James M. Buchanan R.I.P.


Friends of the IEA will be sorry to hear of the death of James M. Buchanan, the US economist and Nobel Laureate. In the 1960s, with colleague Gordon Tullock, Buchanan brought to wide attention the idea of ‘Public Choice’ economics – applying the methods of economic analysis to the theory and practice of government and politics. His work, and the huge volume of subsequent work which he and others have done on the subject, has given us very important – and worrying – insights into how politics and democracy really work.

Public Choice economists maintain that, just as self-interest motivates people’s private commercial choices, so does it affect their communal decisions. People ‘economise’ as voters, lobby groups, politicians and officials, aiming to maximise the outcome they personally desire, for minimum effort. Consequently the well-developed tools of economics – tools such as profit and loss, price and efficiency – can be used to analyse politics as well.

Making some choices collectively is inevitable – there are many things we cannot do on our own as individuals. And there is also the ‘public goods’ problem – that certain useful things, such as defence, will be under-provided by markets because non-payers can simply ‘free ride’ on others.

Buchanan and Tullock showed that such ‘market failure’ does not necessarily mean that government can do things better. There is ‘government failure’ too. Political decision-making is not a dispassionate pursuit of the ‘public interest’ but a struggle between different, competing personal and group interests. In this struggle for the supremacy of different values, small groups with sharply focused interests have more influence in decision-making than much larger groups with more diffused concerns, such as taxpayers.
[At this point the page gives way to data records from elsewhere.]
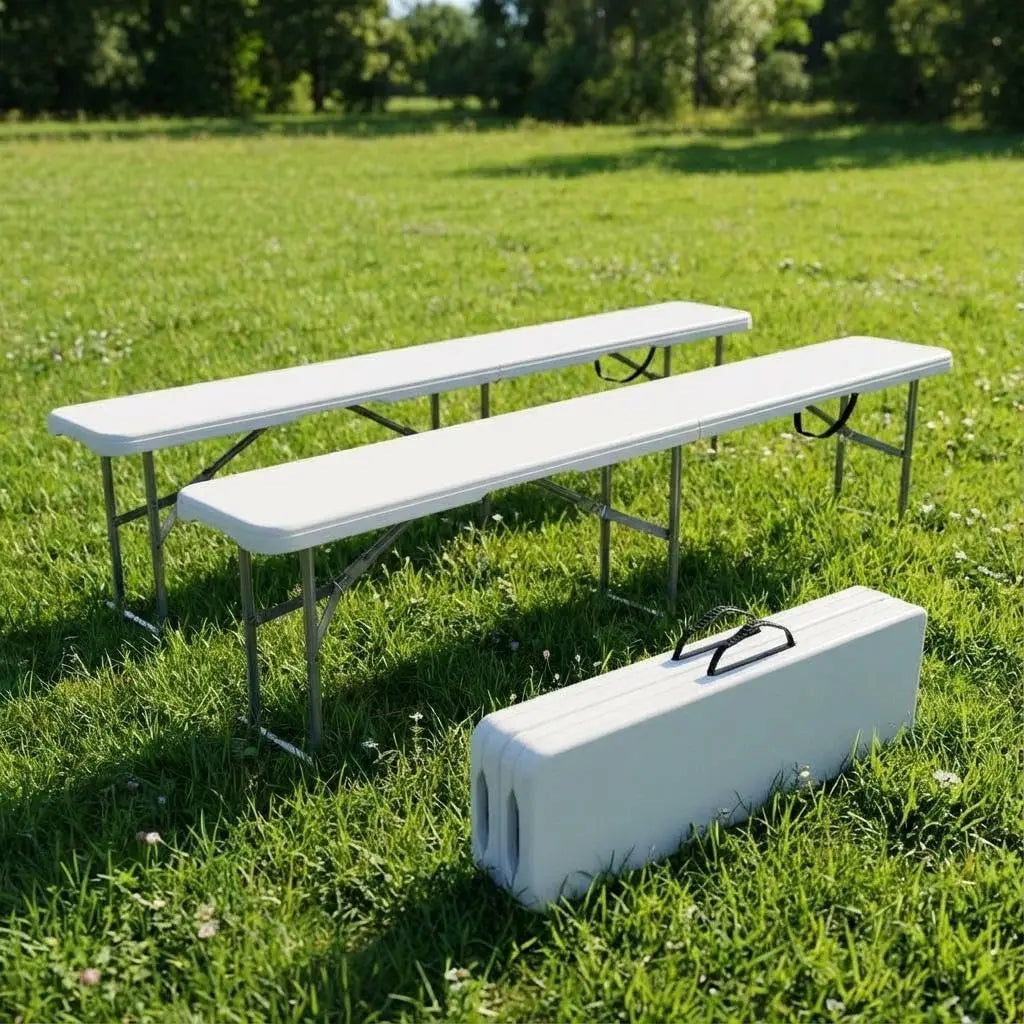 6ft Folding Bench 2-Pack - Portable HDPE Outdoor Picnic Seating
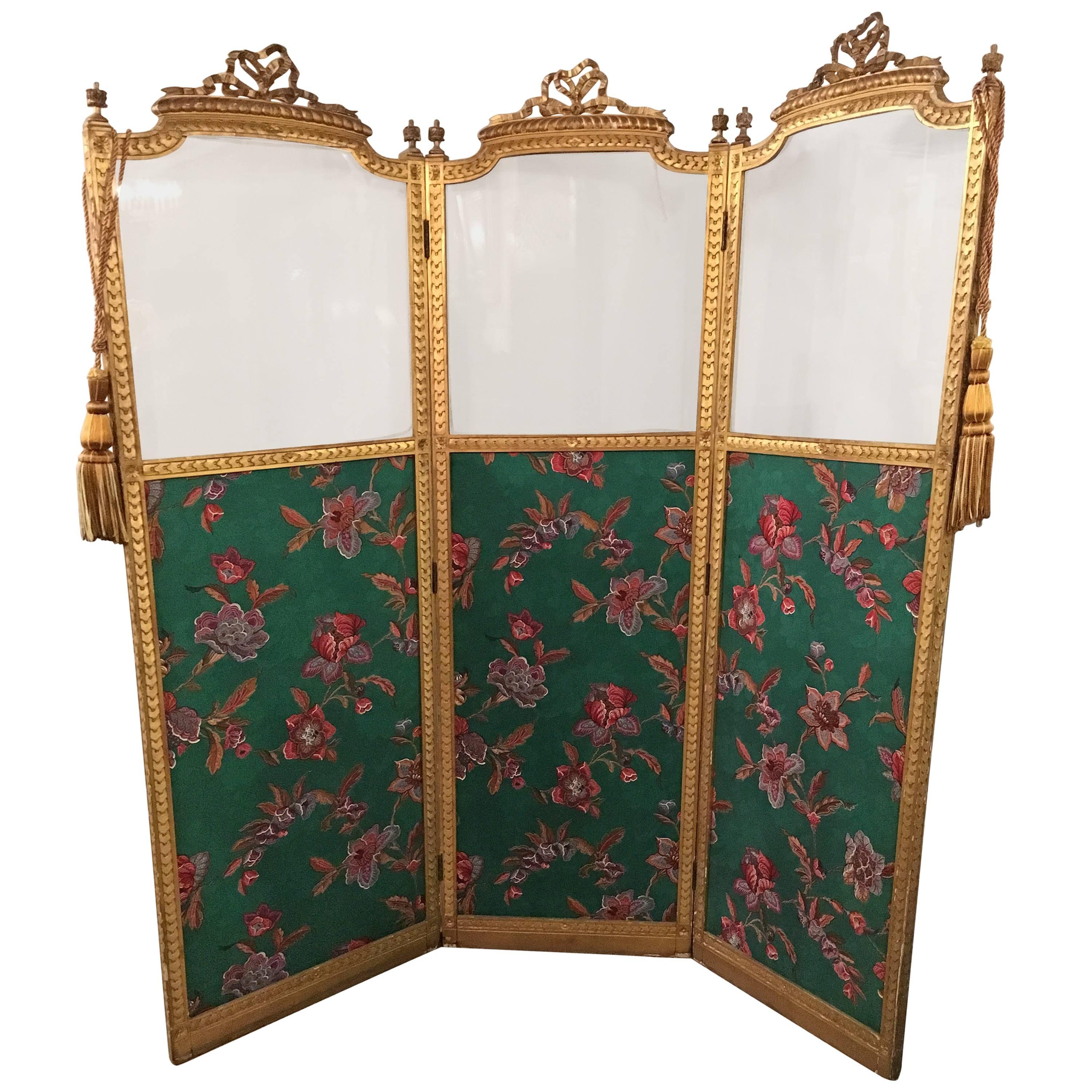 Antique Three-Panel French Screen or Room Divider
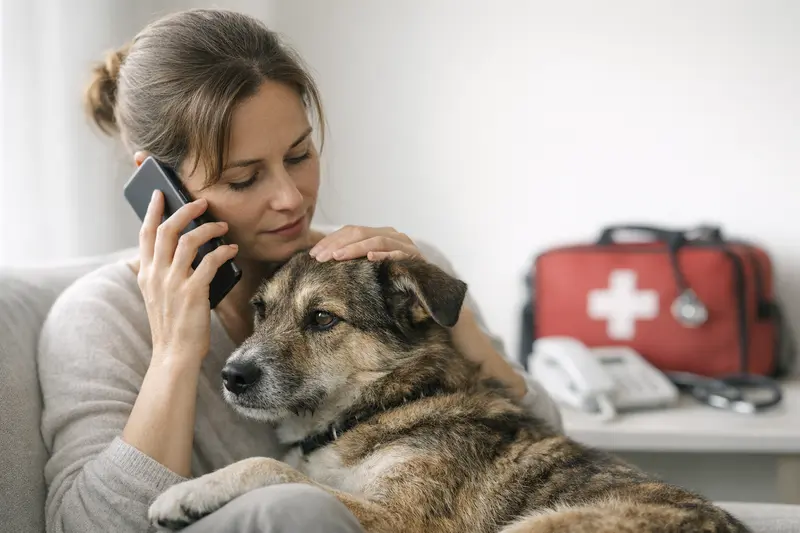 Hundehalter hält ein Telefon mit Notdienst-Nummer, während ein gesund aussehender Hund neben ihm sitzt.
The problem comes into sharp focus in simple-majority voting, where 49% of the population, no matter how strong their misgivings, can be governed by the other 51% – like the old joke that ‘democracy is two wolves and a sheep deciding what to have for dinner’. Buchanan believed vehemently that constitutional safeguards were needed to protect minorities, and indeed the ‘silent majority’ who so often lost out to small but coherent and motivated interest groups. Constitutions, which should be agreed by all, would set out the mechanism for voting, such that the most potentially exploitative decisions could require higher majorities (or even unanimity) than others.

Buchanan’s first publication for the IEA was back in 1965, and his last contribution was just three years ago, in 2009. He received the 1986 Nobel Memorial Prize in Economic Sciences for his work on Public Choice theory and was a life member of the Mont Pelerin Society, among many other awards and distinctions.

Eamonn Butler is Director of the Adam Smith Institute and author of Public Choice – A Primer.

Eamonn Butler is the co-founder and Director of the Adam Smith Institute.


1 thought on “James M. Buchanan R.I.P.”

  1. Posted 10/01/2013 at 00:02 | Permalink

    While I agree entirely with the need for constitutional safeguards to protect minority rights — and, in particular, private property rights — it is very discouraging to see the encroachments upon said rights by one of the most constitutionally limited governments in the world, that of the United States.